Stored records
Segment Open
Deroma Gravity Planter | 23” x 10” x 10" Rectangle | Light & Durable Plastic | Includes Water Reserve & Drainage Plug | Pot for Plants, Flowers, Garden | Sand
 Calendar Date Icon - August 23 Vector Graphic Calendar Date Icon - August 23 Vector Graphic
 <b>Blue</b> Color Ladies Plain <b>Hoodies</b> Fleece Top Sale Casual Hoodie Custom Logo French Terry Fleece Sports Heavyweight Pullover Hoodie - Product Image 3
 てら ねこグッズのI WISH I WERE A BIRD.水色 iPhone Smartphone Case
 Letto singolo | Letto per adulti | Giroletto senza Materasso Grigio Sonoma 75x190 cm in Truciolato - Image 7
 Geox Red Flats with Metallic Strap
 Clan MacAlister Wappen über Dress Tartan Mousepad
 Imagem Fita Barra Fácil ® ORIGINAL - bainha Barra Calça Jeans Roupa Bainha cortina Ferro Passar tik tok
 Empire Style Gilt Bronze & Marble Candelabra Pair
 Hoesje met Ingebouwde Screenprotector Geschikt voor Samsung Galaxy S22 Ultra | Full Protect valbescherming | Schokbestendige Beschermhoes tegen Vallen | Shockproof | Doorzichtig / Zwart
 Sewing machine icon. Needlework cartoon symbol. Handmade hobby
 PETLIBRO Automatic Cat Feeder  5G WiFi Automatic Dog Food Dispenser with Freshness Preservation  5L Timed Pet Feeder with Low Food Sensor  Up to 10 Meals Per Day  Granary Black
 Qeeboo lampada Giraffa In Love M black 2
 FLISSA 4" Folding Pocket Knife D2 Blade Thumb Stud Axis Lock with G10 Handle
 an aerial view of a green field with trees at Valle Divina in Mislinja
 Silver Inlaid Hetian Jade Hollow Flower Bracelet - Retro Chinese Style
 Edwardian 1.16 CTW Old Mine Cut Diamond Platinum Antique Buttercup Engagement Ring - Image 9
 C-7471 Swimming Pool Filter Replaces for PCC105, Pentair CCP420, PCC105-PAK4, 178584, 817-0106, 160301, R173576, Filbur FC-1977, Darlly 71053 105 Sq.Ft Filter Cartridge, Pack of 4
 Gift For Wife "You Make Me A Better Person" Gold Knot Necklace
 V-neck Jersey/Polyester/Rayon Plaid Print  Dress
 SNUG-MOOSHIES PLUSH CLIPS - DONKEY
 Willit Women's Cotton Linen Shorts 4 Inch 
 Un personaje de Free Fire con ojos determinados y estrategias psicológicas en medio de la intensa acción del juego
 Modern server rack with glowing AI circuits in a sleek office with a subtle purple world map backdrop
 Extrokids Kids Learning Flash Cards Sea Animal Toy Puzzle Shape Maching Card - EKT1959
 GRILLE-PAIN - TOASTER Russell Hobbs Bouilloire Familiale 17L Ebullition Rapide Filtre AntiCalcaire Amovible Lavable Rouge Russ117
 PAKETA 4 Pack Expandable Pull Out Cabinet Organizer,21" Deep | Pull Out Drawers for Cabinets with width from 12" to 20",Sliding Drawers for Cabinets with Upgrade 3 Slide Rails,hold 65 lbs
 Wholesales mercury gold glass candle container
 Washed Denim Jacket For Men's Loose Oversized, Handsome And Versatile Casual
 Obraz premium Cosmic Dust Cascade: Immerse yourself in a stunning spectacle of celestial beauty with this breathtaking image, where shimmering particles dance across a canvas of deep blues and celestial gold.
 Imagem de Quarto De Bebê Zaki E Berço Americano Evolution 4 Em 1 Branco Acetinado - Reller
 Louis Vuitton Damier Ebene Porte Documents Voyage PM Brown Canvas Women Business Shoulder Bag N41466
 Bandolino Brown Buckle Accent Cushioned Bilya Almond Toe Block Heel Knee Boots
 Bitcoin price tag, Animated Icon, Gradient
Segment Closed
## Problem details:
Lines from the one containing "Louis Vuitton Damier" to the last line above, both included: copy these exactly and write nothing else.

## Output of the exercise:
 Louis Vuitton Damier Ebene Porte Documents Voyage PM Brown Canvas Women Business Shoulder Bag N41466
 Bandolino Brown Buckle Accent Cushioned Bilya Almond Toe Block Heel Knee Boots
 Bitcoin price tag, Animated Icon, Gradient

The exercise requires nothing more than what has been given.